Я мигом отвечал откровенному откровенностью и тотчас же начинал любить его. Но все они тотчас меня надували и с насмешкой от меня закрывались».

_____

Не находите ли Вы, что последнее часто верно? Я без всяких намеков. Вы не думайте. Но и Вы, очень Вас прошу, обходитесь без них. Теперь я невольно над каждым словом думаю — не ехидство ли какое.

Теперь, чтобы закончить письмо как следует, спишу Вам одни стихи Евгения Тарасова, к<отор>ые должны Вам напомнить одно настроение в Вашей жизни [91].
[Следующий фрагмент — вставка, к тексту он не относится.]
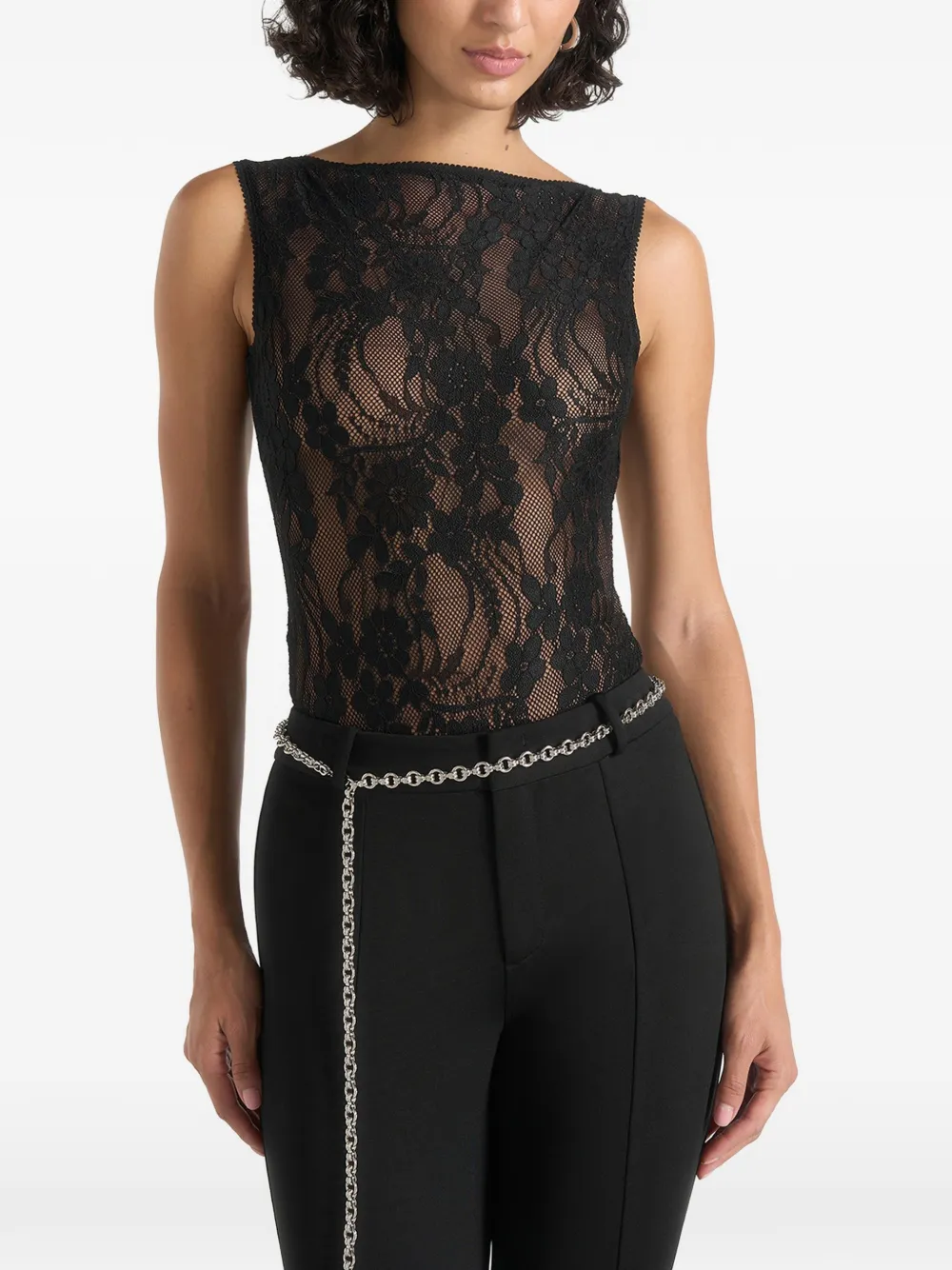 Manière De Voir Rhonda in black open-back lace bodysuit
— Они лежали здесь, в углу,

В грязи зловонного участка.

Их кровь, густая, словно краска

Застыла лужей на полу.

Их подбирали, не считая.

Их приносили — без числа,

На неподвижные тела

Еще не конченных кидая.

Здесь были руки — без голов.

Здесь были руки — словно плети.

Лежали скомканные дети.

Лежали трупы стариков,

У этих — лица были строги,

У тех — провалы вместо лиц,

Смотрели вверх, глядели ниц,

И были бо́сы чьи-то ноги,

И чья-то грудь была жива,

И чьи-то пальцы шевелились,

И губы гаснущих кривились,

Шепча невнятные слова…

Декабрьский день светил им скупо,

Никто не шел, чтоб им помочь…

И вот, когда настала ночь —

Живых не стало, были трупы.

И вот лежали там, в углу,

Лежали тесными рядами,

Все — с искаженными чертами

И кровь их стыла на полу.

Да, это посерьезнее будет, чем «намеки» и «упреки». Пишите, я всегда рада Вашим письмам. Всего лучшего.

МЦ.

<Приписки на полях:>

Завидую Вашим частым поездкам, часто вспоминаю об Орловке. Спасибо за пожелание «спокойных дней», мне они не нужны, уж лучше какие ни на есть бурные, чем спокойные. Я шучу.

Числа до 18-го пишите в Тарусу, впрочем, когда я уеду — напишу и дам моск<овский> адр<ес>.

Как же Вы решили насчет университета?

Вы с Сережей чудаки! Сами ложатся спать, а др<угим> желают спокойной ночи. Я получила письмо среди белого дня и спать совсем не хочу.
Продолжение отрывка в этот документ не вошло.